Multi-Axis Accelerometer Based Evaluation and Classification of Misalignment, Soft Foot, and Looseness Faults in Induction Motors


AYAS G. N., GÖKTAŞ T., ARKAN M., Lee S. B.

IEEE Sensors Journal, 2026 (SCI-Expanded, Scopus) identifier

  • Yayın Türü: Makale / Tam Makale
  • Basım Tarihi: 2026
  • Doi Numarası: 10.1109/jsen.2026.3678373
  • Dergi Adı: IEEE Sensors Journal
  • Derginin Tarandığı İndeksler: Science Citation Index Expanded (SCI-EXPANDED), Scopus, Compendex, INSPEC
  • Anahtar Kelimeler: Fault detection, induction motor (IM), looseness fault (Type B), parallel misalignment fault, soft foot fault, vibration analysis
  • İnönü Üniversitesi Adresli: Evet

Özet

In induction motors, possible faults can affect the dynamic performance of the motor and reduce the overall efficiency of the motor-driven systems. Therefore, it is crucial to detect potential faults early and accurately. In this study, parallel misalignment, soft foot, and looseness- Bolt (Type-B) faults have been investigated using multi-axis accelerometer data. For this purpose, a dedicated test setup is built to introduce different mechanical faults and analyze the frequency spectra of 3-axis vibration signals under varying torque profiles.
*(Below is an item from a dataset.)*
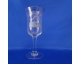CHAMBELAN GLASS CUP SILVER RIM(6 PC)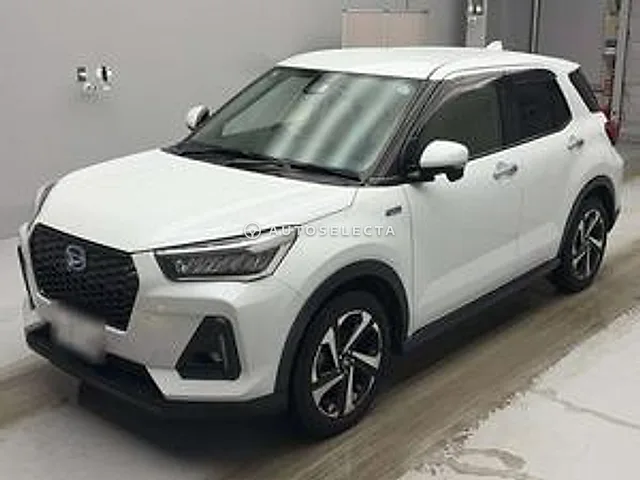 Daihatsu Rocky 2022, auction grade 3.5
Furthermore, a Random Forest–based artificial intelligence model has been developed to achieve highly accurate fault classification. Experimental results show that characteristic fault-related components in the vibration spectra such as fr (1X), 2fr (2X), 3fr (3X), and their sidebands (2fr+2sfs) and (3fr+2sfs) provide accurate and reliable fault detection. Moreover, the developed artificial intelligence model achieves fault classification with an accuracy ranging from 85.3% to 91.8%.